- **TASK TO COMPLETE**: Exact copies of all the entries are required, and no pictures should appear in them.

[DATASET Boundary: Start]

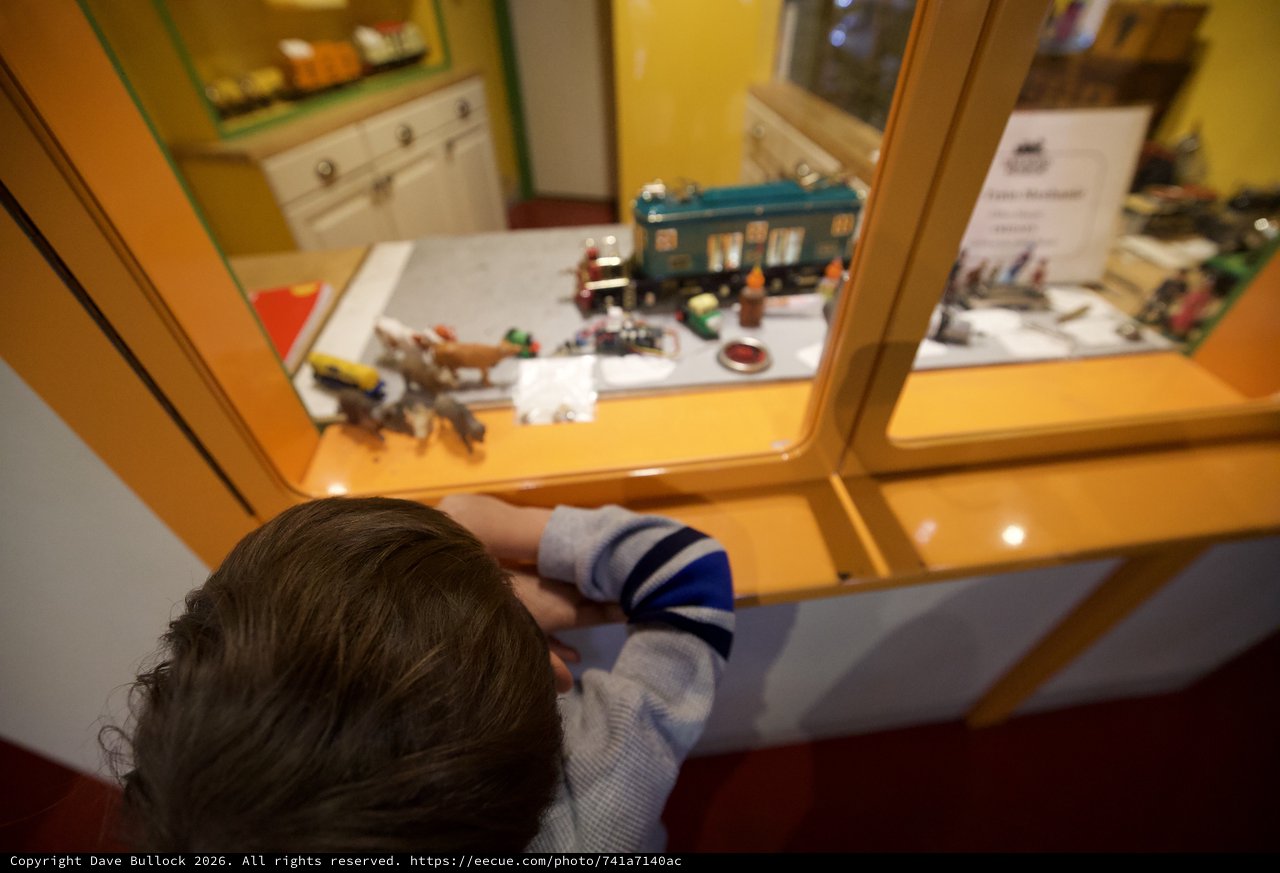 Child Exploring Museum Display Through Glass Case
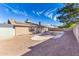 Backyard view showing gravel, a storage shed, and solar panels at 3953 W Evans Dr, Phoenix, AZ 85053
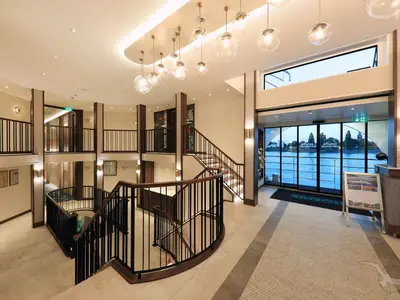 Helles Atrium an Bord der MS Anna Katharina. Elegante Treppen, Panoramafenster mit Blick auf den Fluss und Uferlandschaft. Modernes Design mit warmen Lichtern.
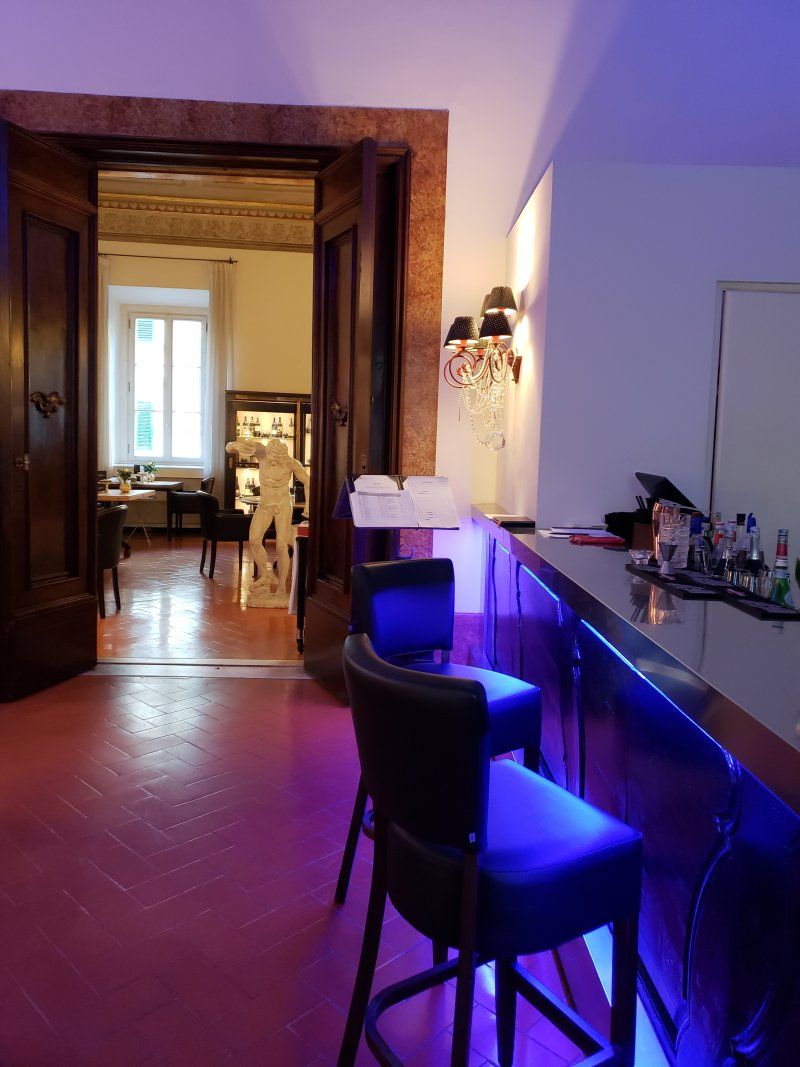 A room with a bar and chairs and purple lights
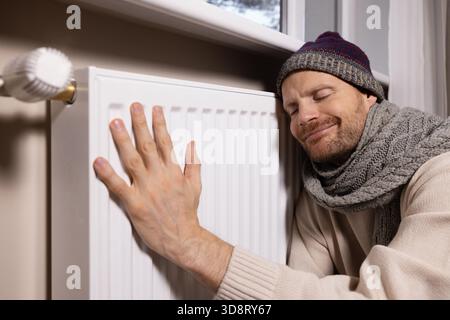 uomo felice che si riscalda davanti al radiatore nella stanza fredda di casa quando la stagione di riscaldamento è finalmente iniziata Foto Stock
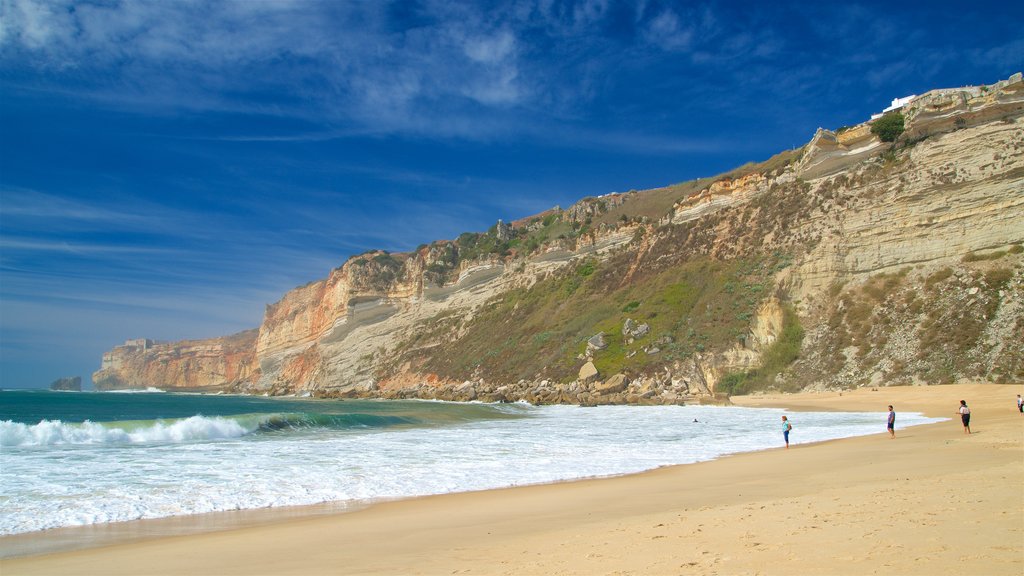 Nazare Beach which includes a beach, rocky coastline and general coastal views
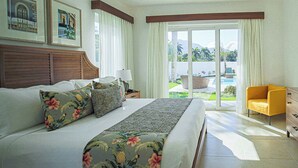 Une chambre d’hôtel avec un grand lit, une chaise et une vue sur une piscine et un espace verdoyant.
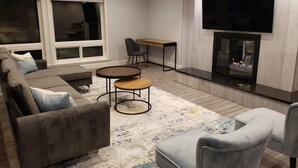 Uma sala de estar com sofá, duas poltronas, uma mesa de centro, televisão e lareira.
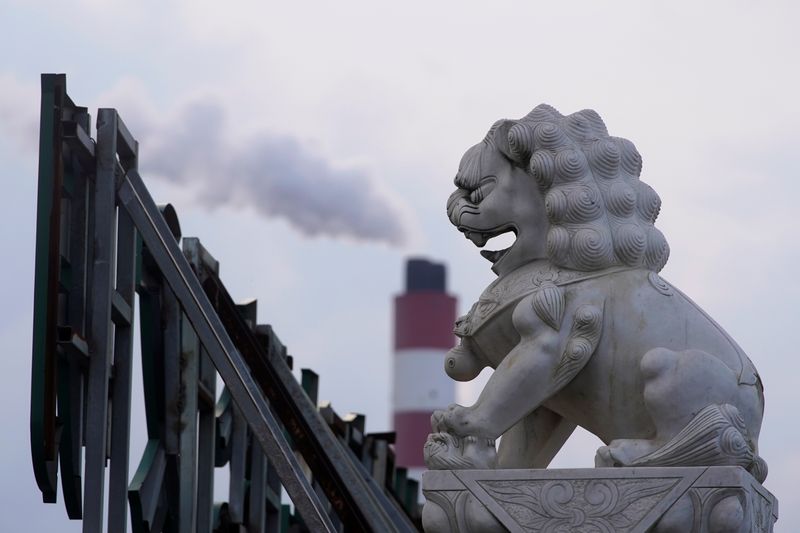 &copy; Reuters. FOTO DE ARCHIVO-La chimenea de una central eléctrica de carbón, detrás de una estatua de un león en Shanghái, China. 21 de octubre de 2021. REUTERS/Aly Song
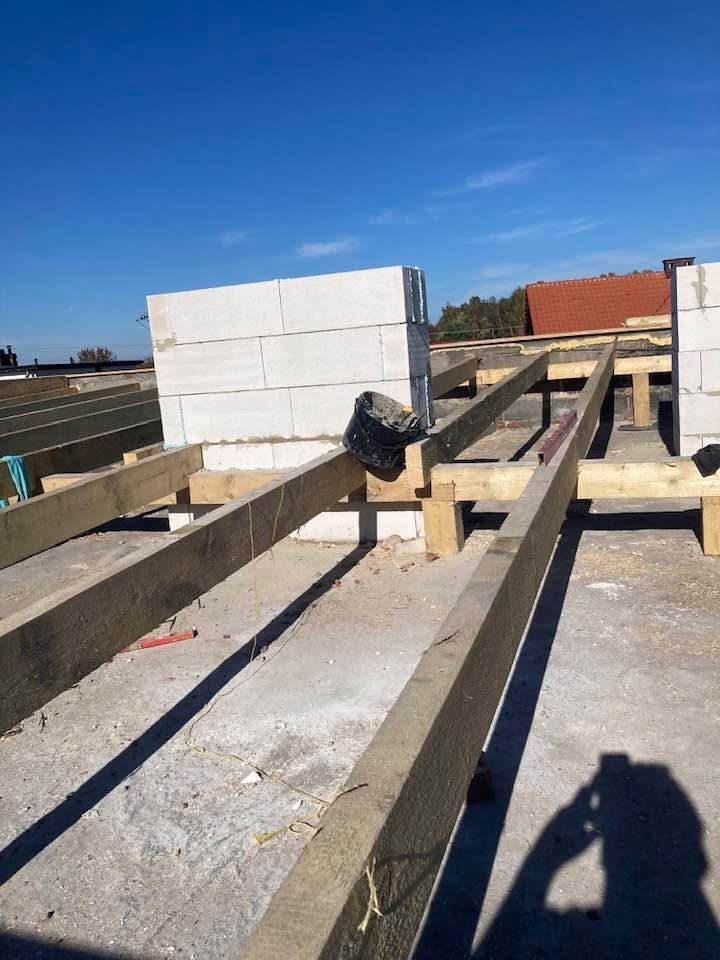 Wznoszenie ścian z betonu komórkowego na drewnianej konstrukcji stropu. Widoczny fragment dachu sąsiedniego budynku i błękitne niebo.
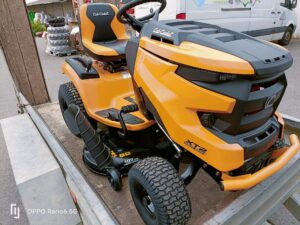 Tondeuse autoportée Cub Cadet XT2 Enduro Series avec coupe de 107 cm, chargée sur une remorque en bois.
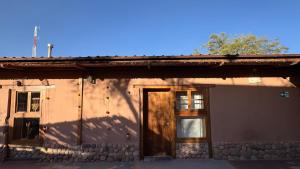圣佩德罗·德·阿塔卡马Elim Atacama的一座建筑,上面有门和两个窗户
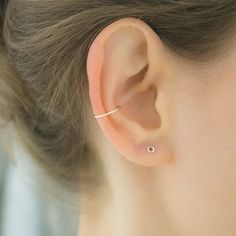 a close up of a person's ear with a single diamond in the middle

[DATASET Boundary: End]

- **ANSWER TO THE PROBLEM**:
 Child Exploring Museum Display Through Glass Case
 Backyard view showing gravel, a storage shed, and solar panels at 3953 W Evans Dr, Phoenix, AZ 85053
 Helles Atrium an Bord der MS Anna Katharina. Elegante Treppen, Panoramafenster mit Blick auf den Fluss und Uferlandschaft. Modernes Design mit warmen Lichtern.
 A room with a bar and chairs and purple lights
 uomo felice che si riscalda davanti al radiatore nella stanza fredda di casa quando la stagione di riscaldamento è finalmente iniziata Foto Stock
 Nazare Beach which includes a beach, rocky coastline and general coastal views
 Une chambre d’hôtel avec un grand lit, une chaise et une vue sur une piscine et un espace verdoyant.
 Uma sala de estar com sofá, duas poltronas, uma mesa de centro, televisão e lareira.
 &copy; Reuters. FOTO DE ARCHIVO-La chimenea de una central eléctrica de carbón, detrás de una estatua de un león en Shanghái, China. 21 de octubre de 2021. REUTERS/Aly Song
 Wznoszenie ścian z betonu komórkowego na drewnianej konstrukcji stropu. Widoczny fragment dachu sąsiedniego budynku i błękitne niebo.
 Tondeuse autoportée Cub Cadet XT2 Enduro Series avec coupe de 107 cm, chargée sur une remorque en bois.
圣佩德罗·德·阿塔卡马Elim Atacama的一座建筑,上面有门和两个窗户
 a close up of a person's ear with a single diamond in the middle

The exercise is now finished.